Tuesday, January 19, 2016

MENIMBANG URGENSI MEREVISI UU TERORISME

UU tentang pemberantasan terorisme (UUPT) yang berlaku saat ini, yakni UU No. 15 Th. 2003 sudah berusia sekita 13 tahun dan semakin kuat suara yang menghendaki agar terjadi revisi atasnya, dengan berbagai alasan. Kepala Badan Nasional Penanggulangan Terorisme (BNPT), Komjen Pol. Saud Usman (SU) , misalnya, menengarai beberapa kelemahan penting UU tsb, antara lain belum diaturnya beberapa hal: 1) pemidanaan terhadap perbuatan yang mendukung tindak pidana terorisme; 2) perbuatan penyebaran kebencian dan permusuhan; 3) aturan ttg masuknya seseorang dalam organisasi terorisme; dan 4) masalah rehabilitasi. Selain itu, masih kata SU, perlu ditambahkan perubahan dalam UU tsb, yaitu menyangkut perubahan masa penahanan dari tujuh hari menjadi satu bulan, dan perubahan masa penahanan untuk keperluan penyidikan dari empat bulan menjadi enam bulan. (http://nasional.sindonews.com/read/986884/14/miliki-kelemahan-bnpt-usul-perubahan-uu-terorisme-1428495634).

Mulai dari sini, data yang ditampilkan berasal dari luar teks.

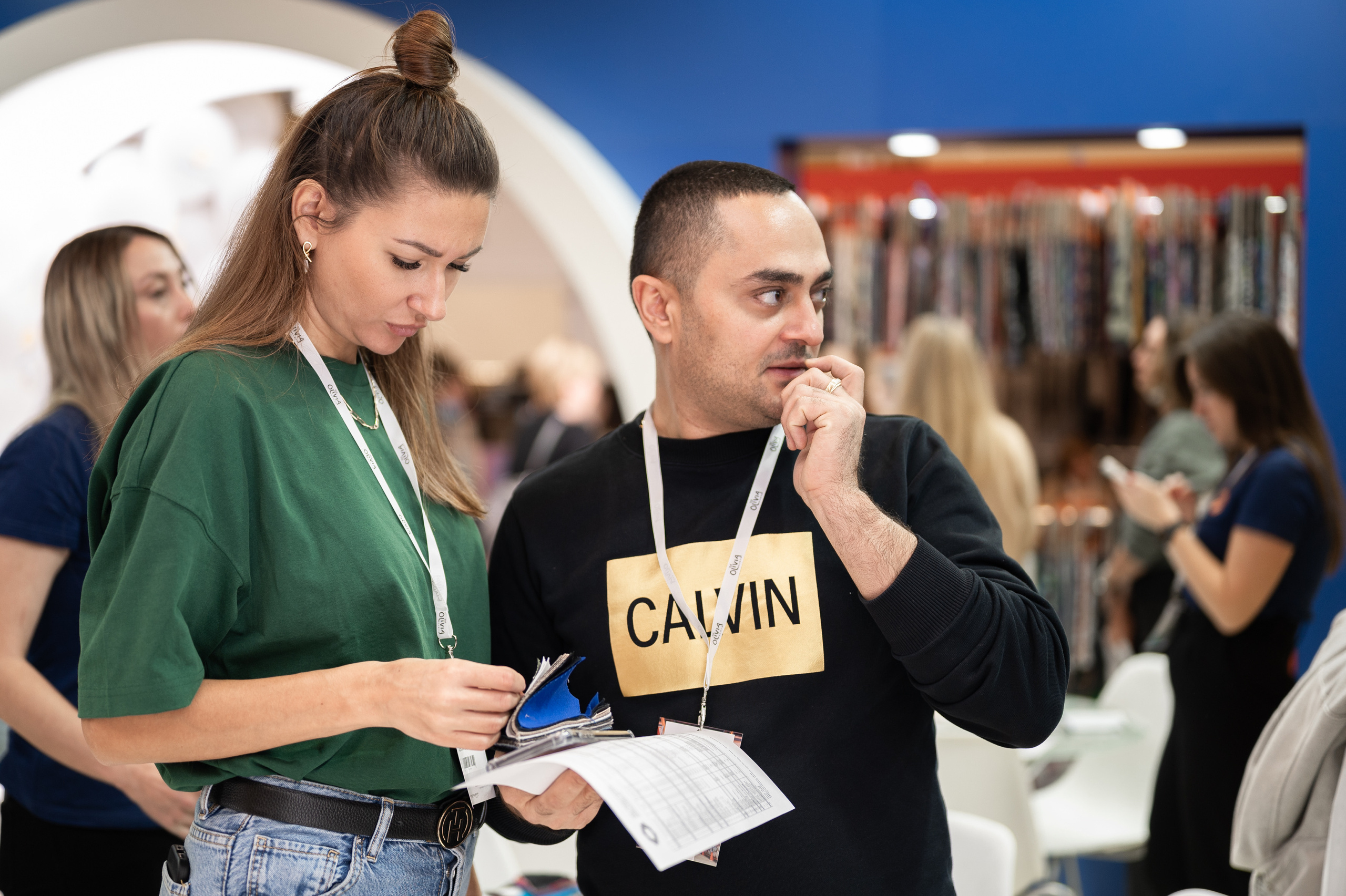 Выставка. Профессиональный фотограф Москва Россия Граждан Олег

Saya pribadi melihat selain perubahan di atas, sangat diperlukan aturan baru utk memerkuat posisi BNPT itu. Lembaga anti teror ini selama ini payung hukumnya masih lemah dan tupoksinya memerlukan pemfokusan, sehingga tidak rancu. Menurut komisioner Komnas HAM, Meneger Nasution (MN), misalnya, "kerja BNPT dinilai campur aduk antara pengambil kebijakan, supervisi, dan operasional." Hemat saya, BNPT harus lebih fokus pada aspek pengambil kebijakan nasional dan supervisi ttg masalah terorisme, sedang operasional bisa dilaksanakan oleh aparat hukum serta alat keamanan negara seperti Polri, TNI, dan Intelijen Negara. Dengan pemfokusan ini, maka tidak perlu khawatir adanya tumpang tindih antara BNPT dengan lembaga lainnya, khususnya intelijen negara. Dalam menangani terorisme, BNPT adalah leading sector utk merumuskan kebijakan nasional yang berada di bawah Presiden RI dan outputnya harus menjadi landasan program dan kegiatan anti terorisme oleh seluruh pemangku kepentingan.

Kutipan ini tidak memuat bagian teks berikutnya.